Data sources chiefly include the NT RHD Register for quantitative analyses, and semi-structured interviews and project officer reports for qualitative analyses. Both provider and client perspectives will be sought, although as the intervention chiefly seeks to change health systems, there will be a particular focus on health provider perspectives. These plus the range of other data sources are listed in Table 5. Important variables included in the RHD Register which will be extracted include client sex, age, date and place of receipt of each penicillin injection during the study period and occurrence of any ARF episodes during the study period.

Table 5 Sources of data for addressing research objectives

Statistical methods plan for measuring outcomes

Most analyses will be undertaken using generalised linear mixed models. As the outcomes for clients within a community are not independent of each other, the method of analysis will take this correlation into account. The primary outcome is binary so will be analysed using this approach with a logit link. This analysis will allow a comparison of the effect in each community. Outcomes that are normally distributed will be analysed using the mixed-model approach to account for the within-community correlations.

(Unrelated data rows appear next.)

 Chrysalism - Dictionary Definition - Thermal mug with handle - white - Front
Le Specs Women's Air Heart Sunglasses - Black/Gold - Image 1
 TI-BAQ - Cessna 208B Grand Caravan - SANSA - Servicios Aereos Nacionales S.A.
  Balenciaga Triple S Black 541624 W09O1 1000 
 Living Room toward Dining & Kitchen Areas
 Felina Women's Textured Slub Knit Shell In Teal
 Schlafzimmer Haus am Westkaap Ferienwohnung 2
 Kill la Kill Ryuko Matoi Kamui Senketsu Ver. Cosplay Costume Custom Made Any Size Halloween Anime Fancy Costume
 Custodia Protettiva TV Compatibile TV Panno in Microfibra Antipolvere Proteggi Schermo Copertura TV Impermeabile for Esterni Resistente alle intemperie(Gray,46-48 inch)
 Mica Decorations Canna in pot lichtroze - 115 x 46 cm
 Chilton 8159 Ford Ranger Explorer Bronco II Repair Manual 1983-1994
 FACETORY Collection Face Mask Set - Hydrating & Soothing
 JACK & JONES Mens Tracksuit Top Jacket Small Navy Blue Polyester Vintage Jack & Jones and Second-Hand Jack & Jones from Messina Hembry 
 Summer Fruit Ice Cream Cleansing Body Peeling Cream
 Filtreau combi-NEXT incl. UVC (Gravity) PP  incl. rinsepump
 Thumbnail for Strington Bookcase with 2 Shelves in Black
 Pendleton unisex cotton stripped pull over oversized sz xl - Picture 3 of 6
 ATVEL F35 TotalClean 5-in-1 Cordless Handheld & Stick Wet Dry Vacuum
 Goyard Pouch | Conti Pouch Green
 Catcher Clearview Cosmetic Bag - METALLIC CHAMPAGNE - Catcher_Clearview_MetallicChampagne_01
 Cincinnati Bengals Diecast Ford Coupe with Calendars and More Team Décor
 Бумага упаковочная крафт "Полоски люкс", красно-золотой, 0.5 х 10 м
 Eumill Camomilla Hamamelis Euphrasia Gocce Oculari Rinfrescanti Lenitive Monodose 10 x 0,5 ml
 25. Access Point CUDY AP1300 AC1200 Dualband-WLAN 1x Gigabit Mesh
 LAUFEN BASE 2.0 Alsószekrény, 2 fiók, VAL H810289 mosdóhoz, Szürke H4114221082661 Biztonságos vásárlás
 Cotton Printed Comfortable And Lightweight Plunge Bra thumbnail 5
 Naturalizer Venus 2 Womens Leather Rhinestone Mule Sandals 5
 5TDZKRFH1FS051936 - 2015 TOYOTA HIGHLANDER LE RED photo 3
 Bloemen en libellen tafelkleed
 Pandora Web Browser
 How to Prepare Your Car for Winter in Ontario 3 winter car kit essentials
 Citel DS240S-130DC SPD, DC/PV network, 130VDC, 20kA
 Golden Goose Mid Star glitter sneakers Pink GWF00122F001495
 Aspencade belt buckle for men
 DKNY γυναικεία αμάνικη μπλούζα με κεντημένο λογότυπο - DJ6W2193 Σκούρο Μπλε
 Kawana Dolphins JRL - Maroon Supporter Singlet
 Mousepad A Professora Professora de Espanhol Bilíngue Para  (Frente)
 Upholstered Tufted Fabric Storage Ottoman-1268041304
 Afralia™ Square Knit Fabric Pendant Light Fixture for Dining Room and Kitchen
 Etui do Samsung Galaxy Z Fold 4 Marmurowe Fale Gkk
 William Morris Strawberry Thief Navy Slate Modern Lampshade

For outcomes that can be measured accurately in shorter (1–3 month) time periods, trends over time can be assessed within these mixed-model approaches.

Any outcomes that are measured at a community level will be analysed using either a McNemar’s test for binary outcomes or a paired t test for normally distributed continuous outcomes. These analyses can be extended to incorporate the effect of covariates if necessary.

Secondary analyses will include models to assess client or community factors that are related to outcomes. Statistically significance will be understood to be attained when the p value is <0.05.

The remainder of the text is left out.